In order to decrease the field coil loss and to establish a magnetic field which is maintained at a stable value for a given duration (for example, one second) it is advantageous to make the field coil current have a wave form in the shape of a frustum as shown in FIG. 4. However, it is difficult to produce a field coil current I.sub.T having such waveform by an the analogue feedback control system shown in FIG. 5 which has been used in many cases. In the control system shown in FIG. 5, the field winding I.sub.F of a generator 15 driven by motor 13 is supplied with field current I.sub.F from an excitation source 17 via a thyristor 17.sub.1. The gate signal applied to the gate electrode of thyristor 17.sub.1 is derived from the generator though a rectifier 16, a DC transformer 19 for deriving a feedback signal F, a comparator C which compares feedback signal F with a reference signal R, and an amplifier 18. FIG. 6 is a block diagram showing an equivalent control system of the circuit shown in FIG. 5. This analogue feedback control system is characterized in that it operates stably regardless of the variation in the parameters of the control system (for example, variations in the field resistance caused by temperature rise) and that it is possible to eliminate any offset error by incorporating an integrating element into the control system.

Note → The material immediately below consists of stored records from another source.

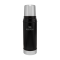 Термос Stanley Legendary Classic Matte Black 0.75 L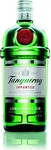 Tanqueray Gin Tanqueray London Dry Gin - 1 Liter 47,3% vol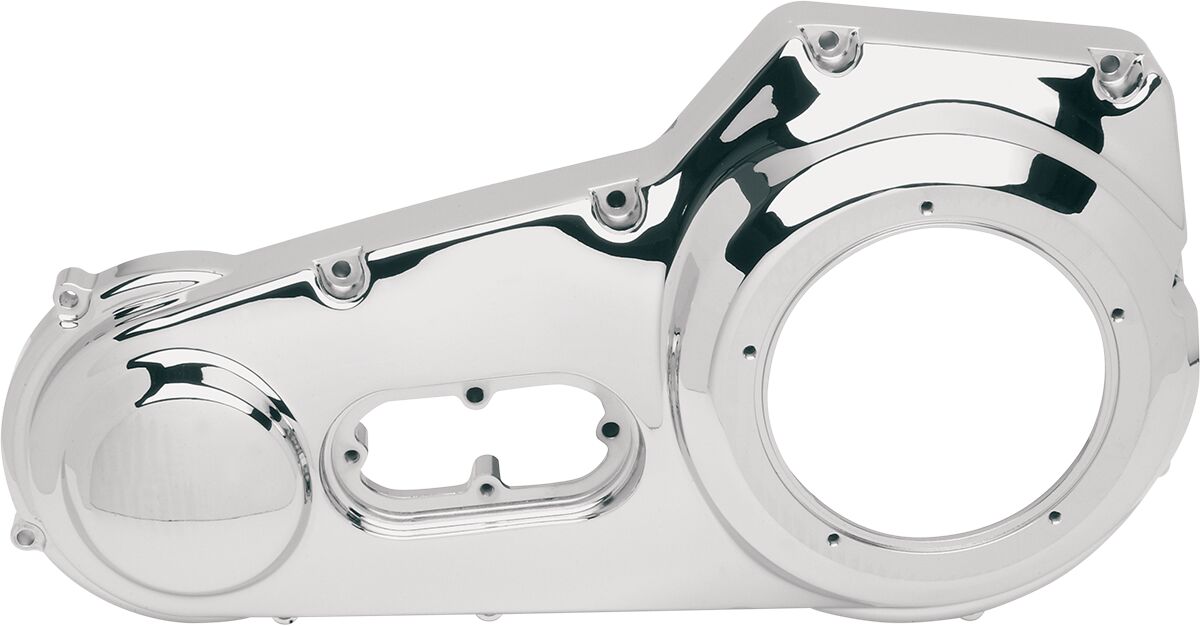 Drag Specialties Outer Primary Cover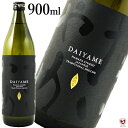 だいやめ DAIYAME 本格芋焼酎 25度 900ml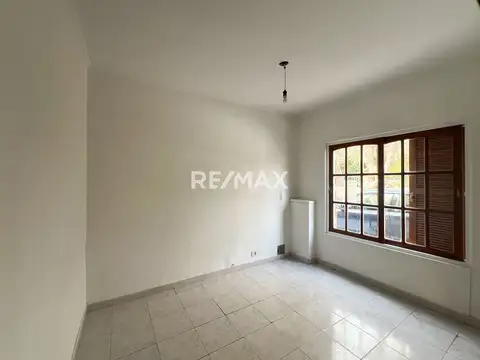 Casa en Venta 21 años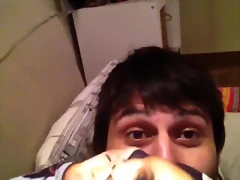 Video instagram 29-11-2013 (7)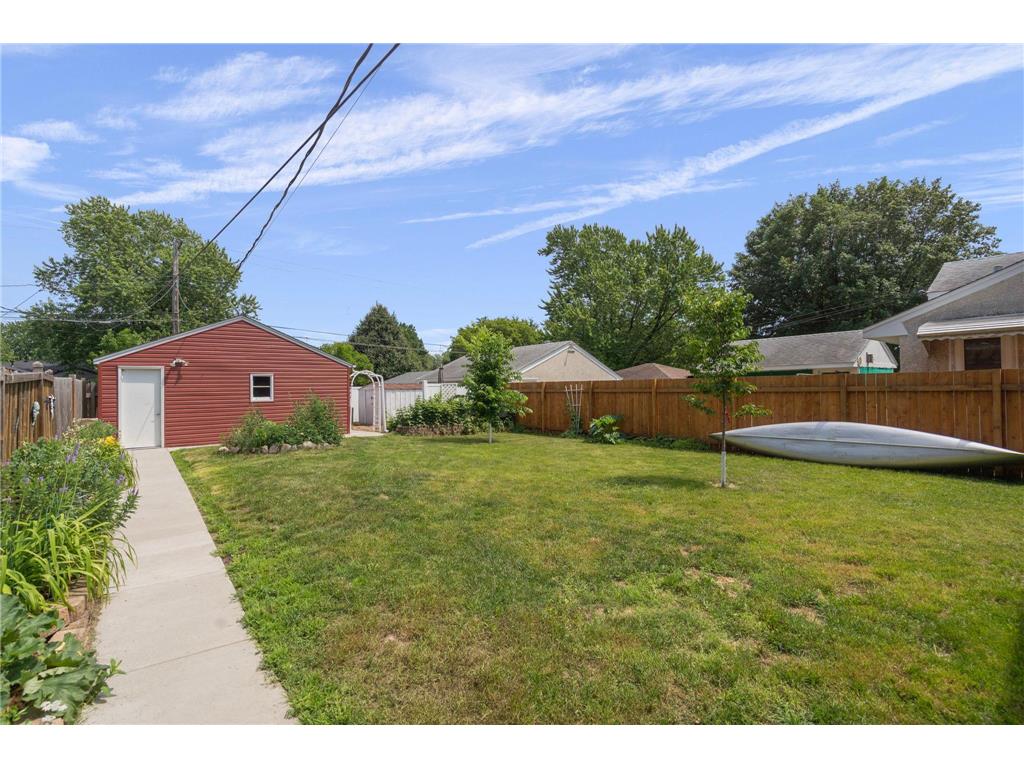 3824 Toledo Avenue N Robbinsdale MN 55422 7104032 image31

In order to produce a current having a waveform as shown in FIG. 4 by this control system it is necessary to greatly increase the response speed of the control system. Although the system quickly responds to a given reference signal, overshooting and undershooting and hence hunting are inevitable because the feedback control system functions to follow up a deviation. Accordingly, the higher the response speed, the larger the hunting.
The solid line shown in FIG. 7 represents the current waveform where the response speed of the control system is increased. In order to decrease the overshoot it is necessary to provide an overdamping by decreasing the gain of the system and to increase the feedback as shown by the dot and dash lines shown in FIG. 7.
In any case, these curves depart from the desired waveform shown by the dotted lines. As described above, in order to maintain the plasma confining field for more than one second it is necessary to maintain the flat portion of the current at a prescribed value for about one second. However, with a conventional analogue feedback control system, due to its time constant, the current begins to decay immediately after it has reached the prescribed value. For this reason, the prior art control system is not applicable to an electric source for fusion reaction laboratory equipments.
As a system for obviating these difficulties of the prior control systems a so-called optimum control system has been developed wherein control is performed in a minimum time while satisfying various restricting conditions of the component elements of the system. One example of the optimum control system involves a dynamic programming proposed by Bellman. However, this method requires that a large memory device and an electronic computer be used for solving cubic or more complicated equations. Thus, to solve the problems under restricting conditions, the computer is required to perform operations consuming many hours and to use a memory device having an extremely large capacity, for example several tens thousand words. In this manner, it is impractical to apply such dynamic programming to a control system because of its high price and time consuming operation.